Studio album by Crowder
- Released: May 31, 2024
- Length: 38:16
- Labels: Sixstepsrecords; Capitol CMG;
- Producers: Hank Bentley; Ben Glover; Jeff Sojka;

Crowder chronology
| Milk & Honey (2021) | The Exile (2024) |  |

Singles from The Exile
- "Grave Robber" Released: November 10, 2023; "— (Dash)" Released: April 5, 2024; "Even in Exile" Released: May 3, 2024;

= The Exile (album) =

The Exile is the fifth studio album by American Christian musician Crowder.
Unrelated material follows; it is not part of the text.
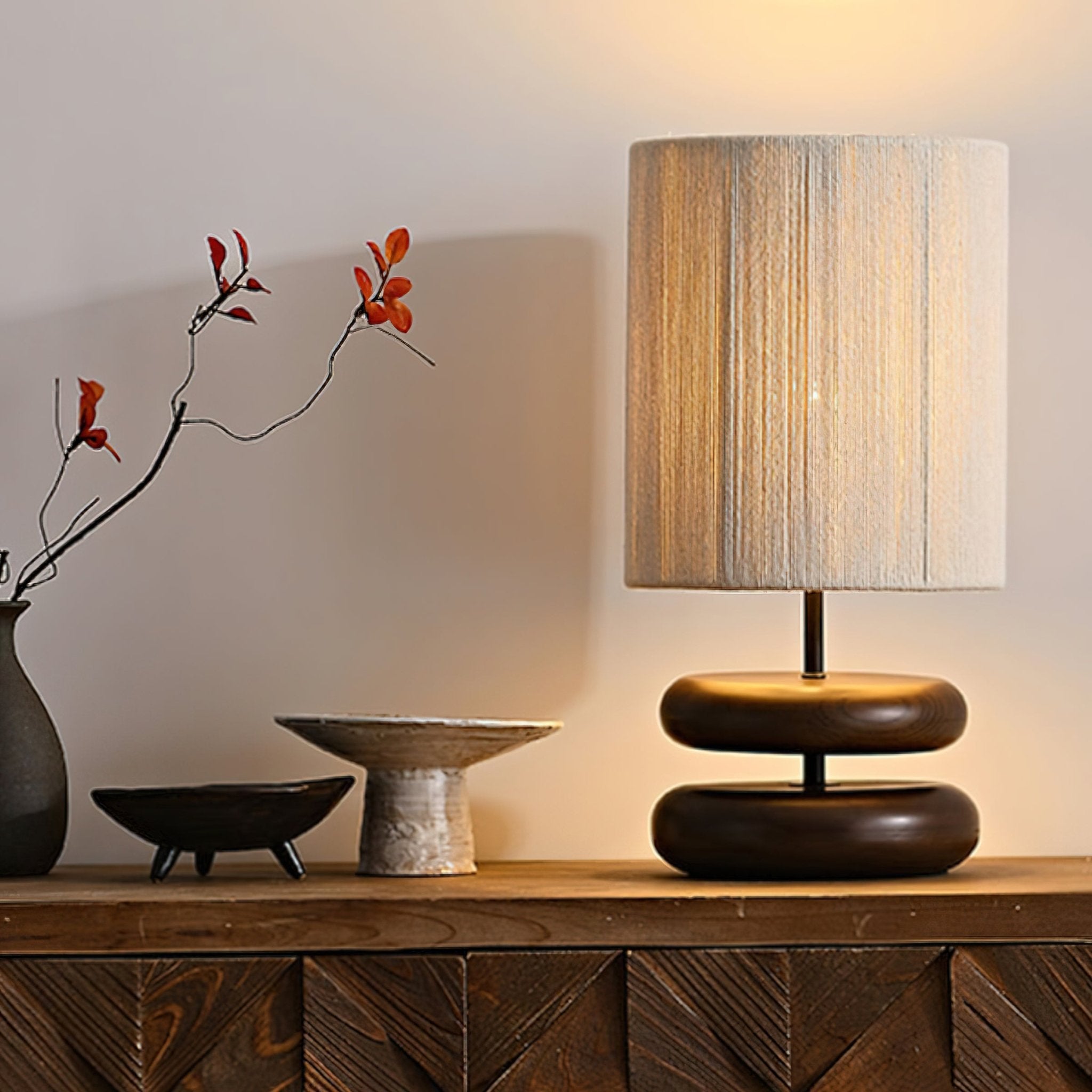 Wabi Sabi Natural Wood Table Lamp with Hand Woven Hemp Rope Shade for Bedroom Side Tables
The album was released on May 31, 2024, through Sixstepsrecords/Capitol CMG. The album was released on CD and for digital download. It featured the singles "— (Dash)", "Even in EXILE", and the Billboard Christian Airplay and AC No. 1 hit, "Grave Robber". The album is second in a trilogy, which was preceded by Milk & Honey of 2021.

== Background ==
The song "All My Tears", which featured Buddy Miller, was a cover of a song by Julie Miller and Emmylou Harris.

== Chart performance ==
The Exile peaked at No. 102 on the Billboard 200, No. 7 on the Top Album Sales chart, No. 1 on the Top Christian Albums chart, and No. 7 on the Top Current Album Sales chart.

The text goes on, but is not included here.